So, given an SQL file to be executed in Oracle, we are asked to determine how many blocks are to be executed within the SQL file. For example, there is one block in an SQL file containing the following command,
CREATE TABLE customer (id varchar2(42));
two blocks in the following SQL file,
ALTER TABLE customer ADD name varchar2(42);
ALTER TABLE customer DROP COLUMN id;
and three blocks in the following SQL file
CREATE OR REPLACE PROCEDURE printHelloWorld IS
BEGIN
dbms_output.put_line('Hello World!');
END;
/
INSERT INTO customer VALUES ('ivan');
DROP TABLE customer;
We can't assume anything else about the input, other than the fact it will be executed without any error in Oracle SQLDeveloper.
UPDATE
The purpose of asking the question is to ensure that there would only be one statement, which is to be executed, in the SQL file. I am also open to the answer of this question. It would be even better to be able to create a script to split a multiple-statement SQL file to multiple files.
Not a perfect solution but will work in most cases I think.
First create a duff user with no rights except to create a session.

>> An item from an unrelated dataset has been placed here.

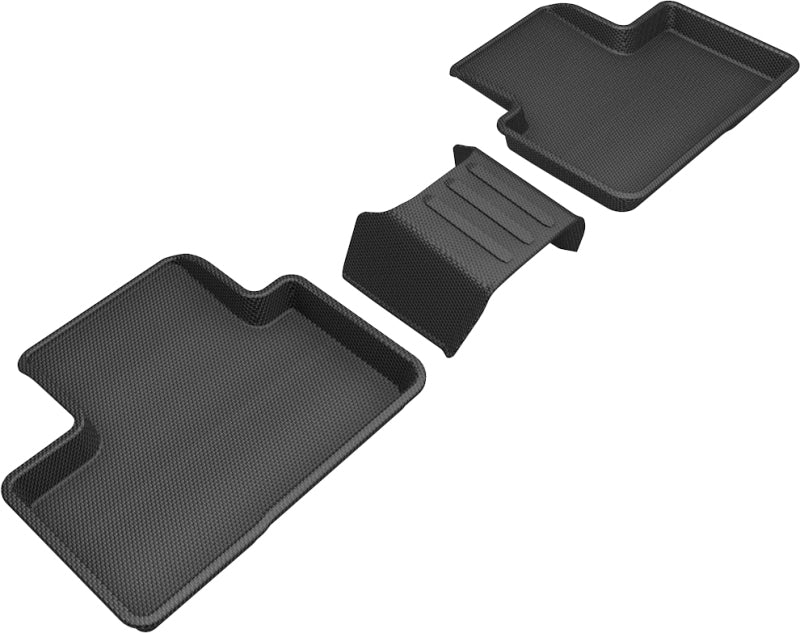 3D MAXpider 2019-2020 Volvo XC40 Kagu 2nd Row Floormats - Black-SR1 Performance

CREATE USER duff IDENTIFIED BY "password";
GRANT CREATE SESSION TO duff;
Then use this with sqlplus and grep to count the ORA- errors - should be one per statement.

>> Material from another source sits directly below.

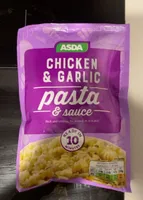 Chicken & garlic pasta & sauce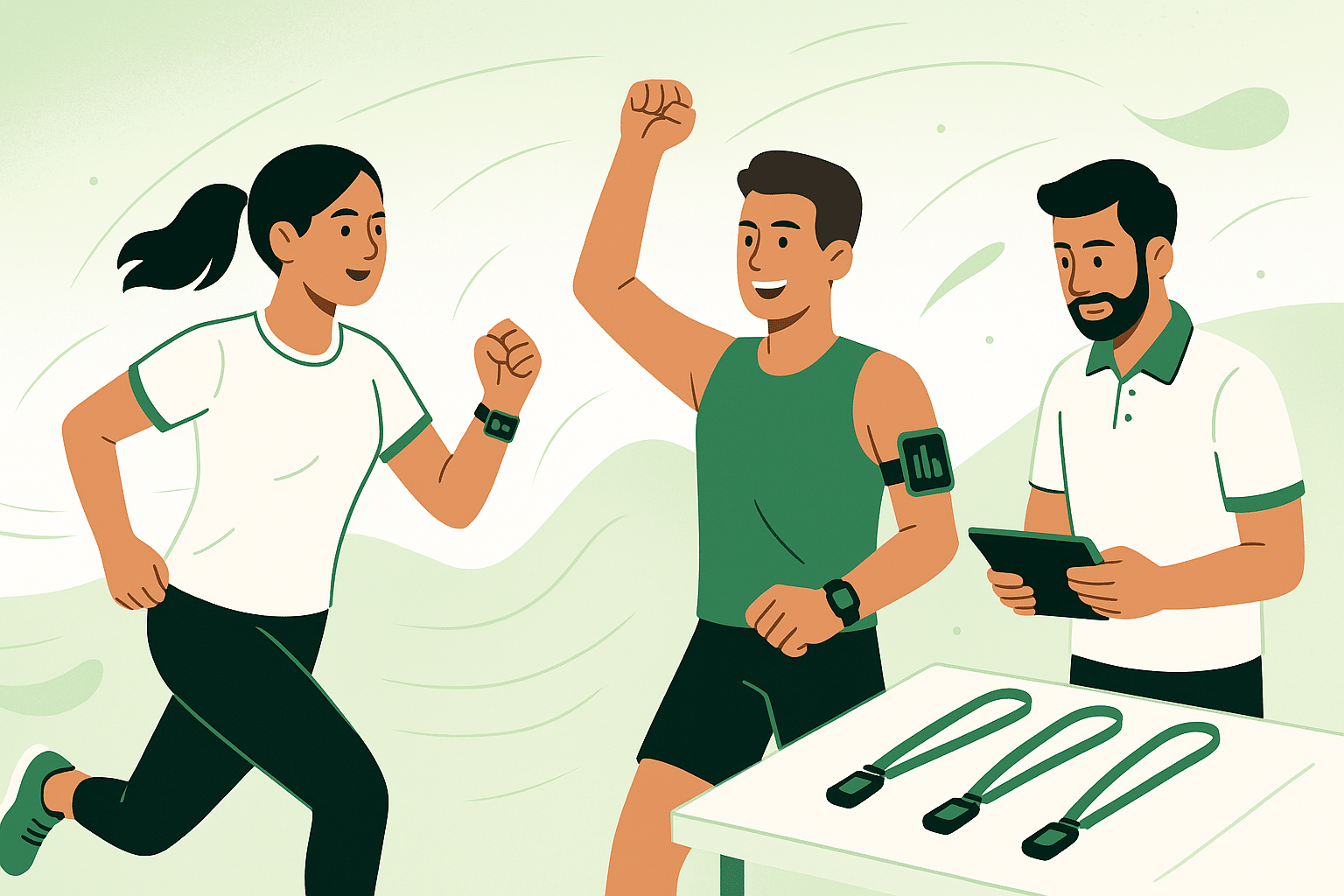 Tecnología wearable en eventos deportivos corporativos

sqlplus duff/password@db < script.sql | grep -c ORA-
If you have ALTER SESSION statements then you need a bit more
sqlplus duff/password@db < script.sql | grep -Ec 'ORA-|Session altered.'
There maybe other exceptions, but I think it gives you a workable solution for little overhead. Be careful that scripts don't switch user - but if you have hard-coded usernames and passwords in your scripts you have other issues.